Don't let the cold weather get the best of you and your family.
The weather outside may be frightful, but your winter can still be delightful.
Just follow these important safety tips to help prevent spreading the flu, protect your family from the dangers of carbon monoxide poisoning and know how to put out a grease fire. And, rather than bemoan the cold temperatures, embrace them! Bundle up and enjoy some outdoor activities like skiing, sledding, ice skating or the simple joy of a brisk walk through newly fallen snow. If the cold is too much, take a trip to your local health club or even just a quick walk through an indoor mall. Don't use the cold weather as an excuse to be sedentary.
Fleeing the Flu
At this point of flu season, it may feel like you are surrounded by germs. How can you protect yourself and your family for the duration of the flu season? Good hygiene and a flu shot (it's not too late) are good places to start.
If you've been exposed to the flu, it can take anywhere from one to four days to develop symptoms, which can include fever, headaches and aches and pains, according to Sarah Jonaus, MD, a primary care physician at OSU Internal Medicine at Morehouse. But beware of those who appear healthy. "Adults tend to be contagious from the day before they develop symptoms until up to 10 days after the onset of symptoms," says Dr. Jonaus. "Young children and adults with impaired immune systems can be contagious for even longer."
Practicing good hygiene is critical. Wash your hands for at least 15-20 seconds or frequently use alcohol-based hand sanitizers that contain at least 60 percent alcohol. Don't touch your hands to any part of your face. If someone in your home has the flu, have him or her stay in one room. Let them claim one bathroom, if possible, and keep all other household members out of that bathroom.
Starting to feel ill? Dr. Jonaus advises anyone who has flu-like symptoms to consult their physician, who can determine if they require further testing or treatment.
Colorless, Odorless Danger
Most frequently caused by an unvented kerosene or natural gas space heater or a malfunctioning furnace, carbon monoxide poisoning is dangerous and potentially deadly. It is colorless and odorless, providing no clues to its presence. The best defense is to have carbon monoxide detectors near or in each bedroom and on every level of your home.
The most common symptoms of carbon monoxide poisoning include:
- nausea and vomiting
- rapid heartbeat
- loss of consciousness or coma
Seek medical attention immediately if you suspect that you or a member of your family is a victim of carbon monoxide poisoning. The most severe cases are treated with hyperbaric oxygen. The hyperbaric chamber is used to super-saturate the body with oxygen, rapidly reducing the level of lethal gas in the body. Ohio State's Medical Center is the only facility in central Ohio with the capability of treating carbon monoxide victims with hyperbaric oxygen.
Don't Add Water
Dousing a fire's flames with water is almost instinctual. But, when the fire is fueled by grease, that instinct can have disastrous results. Throwing water on a grease fire can actually cause the flaming grease to splash and spread.
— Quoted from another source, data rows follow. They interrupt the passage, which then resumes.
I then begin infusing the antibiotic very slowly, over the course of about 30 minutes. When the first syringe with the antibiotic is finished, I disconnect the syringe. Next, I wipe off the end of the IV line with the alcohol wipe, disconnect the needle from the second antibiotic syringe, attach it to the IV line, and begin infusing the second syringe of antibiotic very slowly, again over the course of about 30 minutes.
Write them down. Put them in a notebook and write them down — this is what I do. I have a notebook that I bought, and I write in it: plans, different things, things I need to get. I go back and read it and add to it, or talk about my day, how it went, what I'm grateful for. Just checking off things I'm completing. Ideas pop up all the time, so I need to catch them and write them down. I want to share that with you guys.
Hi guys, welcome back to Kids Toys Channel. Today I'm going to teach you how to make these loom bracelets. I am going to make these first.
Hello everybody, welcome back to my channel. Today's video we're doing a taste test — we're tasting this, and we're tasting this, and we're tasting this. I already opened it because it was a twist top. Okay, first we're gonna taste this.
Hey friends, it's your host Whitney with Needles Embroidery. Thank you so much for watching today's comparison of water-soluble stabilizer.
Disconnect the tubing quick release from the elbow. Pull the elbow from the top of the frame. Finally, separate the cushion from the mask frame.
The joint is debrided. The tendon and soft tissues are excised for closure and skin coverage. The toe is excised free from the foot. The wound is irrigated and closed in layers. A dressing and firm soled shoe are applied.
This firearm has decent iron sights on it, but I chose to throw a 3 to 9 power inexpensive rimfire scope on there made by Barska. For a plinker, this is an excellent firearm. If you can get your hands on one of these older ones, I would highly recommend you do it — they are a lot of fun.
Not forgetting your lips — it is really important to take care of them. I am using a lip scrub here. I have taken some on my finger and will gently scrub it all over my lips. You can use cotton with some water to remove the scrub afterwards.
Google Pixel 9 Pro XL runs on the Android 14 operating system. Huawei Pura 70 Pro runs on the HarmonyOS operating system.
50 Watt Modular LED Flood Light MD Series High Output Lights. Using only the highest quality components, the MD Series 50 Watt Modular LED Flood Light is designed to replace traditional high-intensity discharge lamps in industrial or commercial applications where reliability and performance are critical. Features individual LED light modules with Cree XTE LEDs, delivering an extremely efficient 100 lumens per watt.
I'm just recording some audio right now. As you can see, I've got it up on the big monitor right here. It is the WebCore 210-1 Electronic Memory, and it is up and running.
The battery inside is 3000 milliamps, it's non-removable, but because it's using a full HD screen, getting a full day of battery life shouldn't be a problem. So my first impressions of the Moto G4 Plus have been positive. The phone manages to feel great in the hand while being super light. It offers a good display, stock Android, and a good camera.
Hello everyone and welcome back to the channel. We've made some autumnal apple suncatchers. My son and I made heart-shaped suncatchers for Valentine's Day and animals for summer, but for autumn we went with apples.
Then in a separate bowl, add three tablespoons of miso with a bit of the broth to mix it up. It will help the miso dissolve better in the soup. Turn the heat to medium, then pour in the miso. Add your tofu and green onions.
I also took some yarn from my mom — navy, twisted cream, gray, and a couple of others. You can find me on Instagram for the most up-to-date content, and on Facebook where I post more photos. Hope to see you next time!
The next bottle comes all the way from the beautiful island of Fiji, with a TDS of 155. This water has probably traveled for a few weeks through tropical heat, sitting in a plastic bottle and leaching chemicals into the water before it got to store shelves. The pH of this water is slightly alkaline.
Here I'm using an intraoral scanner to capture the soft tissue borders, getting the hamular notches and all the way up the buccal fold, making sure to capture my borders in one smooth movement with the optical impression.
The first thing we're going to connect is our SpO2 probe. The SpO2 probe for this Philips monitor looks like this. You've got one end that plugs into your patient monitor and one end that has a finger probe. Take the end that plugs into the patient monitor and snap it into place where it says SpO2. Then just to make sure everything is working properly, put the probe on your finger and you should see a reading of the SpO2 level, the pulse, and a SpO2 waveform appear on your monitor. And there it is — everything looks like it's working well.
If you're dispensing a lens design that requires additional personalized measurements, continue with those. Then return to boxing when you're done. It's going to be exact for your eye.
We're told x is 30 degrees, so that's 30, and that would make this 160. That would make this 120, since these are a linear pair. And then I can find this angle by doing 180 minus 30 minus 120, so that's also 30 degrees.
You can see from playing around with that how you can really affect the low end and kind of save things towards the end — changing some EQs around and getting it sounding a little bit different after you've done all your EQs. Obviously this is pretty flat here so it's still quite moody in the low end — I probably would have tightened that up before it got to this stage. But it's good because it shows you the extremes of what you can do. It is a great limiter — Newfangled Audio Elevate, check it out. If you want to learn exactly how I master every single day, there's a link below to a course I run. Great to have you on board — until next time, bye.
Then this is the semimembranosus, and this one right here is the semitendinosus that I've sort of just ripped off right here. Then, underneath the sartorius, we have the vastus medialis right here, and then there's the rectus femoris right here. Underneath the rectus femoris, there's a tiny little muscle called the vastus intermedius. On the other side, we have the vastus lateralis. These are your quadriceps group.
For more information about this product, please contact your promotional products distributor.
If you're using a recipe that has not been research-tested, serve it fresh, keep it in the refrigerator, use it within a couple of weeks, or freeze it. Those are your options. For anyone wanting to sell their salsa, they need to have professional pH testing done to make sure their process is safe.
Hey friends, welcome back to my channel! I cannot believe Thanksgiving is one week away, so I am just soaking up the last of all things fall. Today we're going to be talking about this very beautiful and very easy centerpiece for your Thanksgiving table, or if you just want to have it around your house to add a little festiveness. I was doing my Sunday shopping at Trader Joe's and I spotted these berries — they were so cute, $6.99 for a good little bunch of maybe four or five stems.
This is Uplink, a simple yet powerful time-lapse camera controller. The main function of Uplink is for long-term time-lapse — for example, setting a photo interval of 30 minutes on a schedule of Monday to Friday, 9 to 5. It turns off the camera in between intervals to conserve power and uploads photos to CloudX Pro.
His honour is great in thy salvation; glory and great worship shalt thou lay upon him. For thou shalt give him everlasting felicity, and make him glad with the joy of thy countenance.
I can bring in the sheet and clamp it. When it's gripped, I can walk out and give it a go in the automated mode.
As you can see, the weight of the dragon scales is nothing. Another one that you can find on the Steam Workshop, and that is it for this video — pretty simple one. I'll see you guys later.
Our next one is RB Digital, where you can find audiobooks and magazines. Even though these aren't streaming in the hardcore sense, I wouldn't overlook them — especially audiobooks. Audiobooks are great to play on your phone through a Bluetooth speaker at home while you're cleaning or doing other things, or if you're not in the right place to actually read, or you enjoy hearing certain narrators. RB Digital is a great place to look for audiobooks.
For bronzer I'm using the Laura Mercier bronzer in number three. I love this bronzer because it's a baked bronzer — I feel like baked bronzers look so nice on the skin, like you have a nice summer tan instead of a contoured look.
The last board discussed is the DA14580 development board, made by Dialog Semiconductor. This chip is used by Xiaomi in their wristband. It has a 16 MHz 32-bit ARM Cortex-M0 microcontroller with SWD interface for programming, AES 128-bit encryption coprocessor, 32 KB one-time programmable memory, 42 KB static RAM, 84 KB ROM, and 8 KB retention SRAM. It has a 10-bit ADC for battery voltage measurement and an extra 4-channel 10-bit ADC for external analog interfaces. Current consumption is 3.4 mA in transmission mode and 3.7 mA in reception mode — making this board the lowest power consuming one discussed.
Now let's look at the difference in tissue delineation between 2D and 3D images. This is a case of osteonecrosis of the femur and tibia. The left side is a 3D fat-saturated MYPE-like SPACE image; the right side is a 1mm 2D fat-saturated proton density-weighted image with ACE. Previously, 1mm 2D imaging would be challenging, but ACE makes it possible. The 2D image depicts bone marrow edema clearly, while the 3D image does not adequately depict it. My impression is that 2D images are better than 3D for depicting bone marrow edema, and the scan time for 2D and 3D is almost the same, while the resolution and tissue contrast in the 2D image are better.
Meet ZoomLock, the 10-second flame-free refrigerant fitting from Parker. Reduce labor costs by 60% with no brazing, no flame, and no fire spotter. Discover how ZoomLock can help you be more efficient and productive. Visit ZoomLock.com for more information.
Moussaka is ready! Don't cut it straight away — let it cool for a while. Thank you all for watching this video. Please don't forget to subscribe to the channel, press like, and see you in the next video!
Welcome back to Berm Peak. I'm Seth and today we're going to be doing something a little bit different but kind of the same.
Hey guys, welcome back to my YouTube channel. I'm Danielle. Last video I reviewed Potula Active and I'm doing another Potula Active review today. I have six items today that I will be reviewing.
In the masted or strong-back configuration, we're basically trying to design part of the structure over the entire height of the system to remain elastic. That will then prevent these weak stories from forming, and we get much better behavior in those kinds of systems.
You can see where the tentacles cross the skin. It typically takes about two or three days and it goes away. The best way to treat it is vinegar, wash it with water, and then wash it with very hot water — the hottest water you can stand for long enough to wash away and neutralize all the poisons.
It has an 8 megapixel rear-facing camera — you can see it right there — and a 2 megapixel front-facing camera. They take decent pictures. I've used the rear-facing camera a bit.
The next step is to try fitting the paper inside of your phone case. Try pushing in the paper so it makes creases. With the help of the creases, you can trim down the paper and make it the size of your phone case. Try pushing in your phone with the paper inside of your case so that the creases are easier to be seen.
The best way to put out a grease fire is to use a fire extinguisher, but if you don't have one handy, you can try to smother the flames with baking soda or by putting a lid on the flaming pot. Never pick up the pan to move it, as this only fans the flames.
Most importantly, if the fire is not easily extinguished, call 911 and get everyone out of the house. If someone does suffer a burn, the specialists at Ohio State's Burn Center provide both inpatient and outpatient care for burn wounds. Our Burn Center is the only certified adult burn center in central Ohio, with a dedicated medical staff and support team who are specialized in the field of burn care.